Finally, Federal Rule of Civil Procedure 12(f) enables the court by motion by a party or by its own initiative to "order stricken from any pleading . . . any redundant, immaterial, impertinent, or scandalous matter." The function of a 12(f) motion is to avoid the time and expense of litigating spurious issues. Fantasy, Inc. v. Fogerty, 984 F.2d 1524, 1527 (9th Cir.1993), rev'd on other grounds, 510 U.S. 517 (1994); see also 5A Charles A. Wright & Arthur R. Miller, Federal Practice and Procedure § 1380 (2d ed.1990). Rule 12(f) motions are generally viewed with disfavor and not ordinarily granted because they are often used to delay and because of the limited importance of the pleadings in federal practice. Bureerong v. Uvawas, 922 F. Supp. 1450, 1478 (C.D. Cal.1996). A motion to strike should therefore not be granted unless it is absolutely clear that the matter to be stricken could have no possible bearing on the litigation. Lilley v. Charren, 936 F. Supp. 708, 713 (N.D. Cal.1996).

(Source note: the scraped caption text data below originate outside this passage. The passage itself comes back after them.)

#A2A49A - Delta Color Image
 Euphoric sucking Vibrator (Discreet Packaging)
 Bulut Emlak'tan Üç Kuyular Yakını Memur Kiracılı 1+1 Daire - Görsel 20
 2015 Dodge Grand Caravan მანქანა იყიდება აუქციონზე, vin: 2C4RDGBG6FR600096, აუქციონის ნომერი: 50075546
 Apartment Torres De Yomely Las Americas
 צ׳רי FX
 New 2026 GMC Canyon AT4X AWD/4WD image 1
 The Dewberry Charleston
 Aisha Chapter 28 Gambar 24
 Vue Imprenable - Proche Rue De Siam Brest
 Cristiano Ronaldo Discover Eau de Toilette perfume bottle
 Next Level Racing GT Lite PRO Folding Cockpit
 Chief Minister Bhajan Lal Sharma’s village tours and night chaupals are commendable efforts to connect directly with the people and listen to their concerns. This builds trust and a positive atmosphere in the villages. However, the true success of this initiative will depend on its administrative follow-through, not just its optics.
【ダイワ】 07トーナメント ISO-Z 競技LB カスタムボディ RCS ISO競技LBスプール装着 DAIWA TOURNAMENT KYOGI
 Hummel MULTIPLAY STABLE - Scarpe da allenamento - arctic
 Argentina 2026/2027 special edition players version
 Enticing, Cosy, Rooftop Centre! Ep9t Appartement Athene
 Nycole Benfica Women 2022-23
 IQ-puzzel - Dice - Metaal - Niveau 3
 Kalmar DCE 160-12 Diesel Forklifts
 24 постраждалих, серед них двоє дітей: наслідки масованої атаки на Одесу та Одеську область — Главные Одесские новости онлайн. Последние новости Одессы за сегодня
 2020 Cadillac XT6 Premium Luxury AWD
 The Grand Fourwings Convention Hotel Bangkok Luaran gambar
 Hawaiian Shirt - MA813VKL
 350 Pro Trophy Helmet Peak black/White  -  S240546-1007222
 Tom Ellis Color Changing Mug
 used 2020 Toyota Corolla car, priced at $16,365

For the reasons set forth below, the undersigned will recommend that defendants' motion to dismiss be granted in its entirety.


The undersigned finds that plaintiff's failure to file written opposition and failure to appear at the hearings on defendants' motions to dismiss, considered together with plaintiff's failure to participate in this action since its removal to this court, should be deemed a statement of no opposition to the granting of all of defendants' motions. Nonetheless, in light of plaintiff's pro se status, the undersigned has reviewed defendants' arguments and addresses each of them briefly below.

At the outset, defendants have requested judicial notice of documents related to the matters at issue. (Docs. No. 6.) Specifically, defendants request that the court take judicial notice of the Construction Loan Agreement and Addendum dated December 22, 2006 signed by plaintiff Pavel Kozhayev and referenced in plaintiffs' complaint as well as the Deed of Trust, including Mortgage Rider for Construction Loan and Adjustable Rate Rider recorded in the Solano County Official Records on January 2, 2007. (Id., Exs. A and B.) Defendants' requests for judicial notice will be granted pursuant to Federal Rule of Evidence 201. See Lee v. City of Los Angeles, 250 F.3d 668, 688-89 (9th Cir. 2001) (on a motion to dismiss, court may consider matters of public record); MGIC Indem. Corp. v. Weisman, 803 F.2d 500, 504 (9th Cir. 1986) (on a motion to dismiss, the court may take judicial notice of matters of public record outside the pleadings).

I. Plaintiffs' Lack Standing

Defendants observe that all but one of plaintiffs' nine causes of action request that this court enjoin the foreclosure proceedings and/or order rescission of the loan agreement but that plaintiffs lack standing to bring such claims because they have not alleged the ability to tender the entire loan amount to the lender. Defendants' argument is persuasive.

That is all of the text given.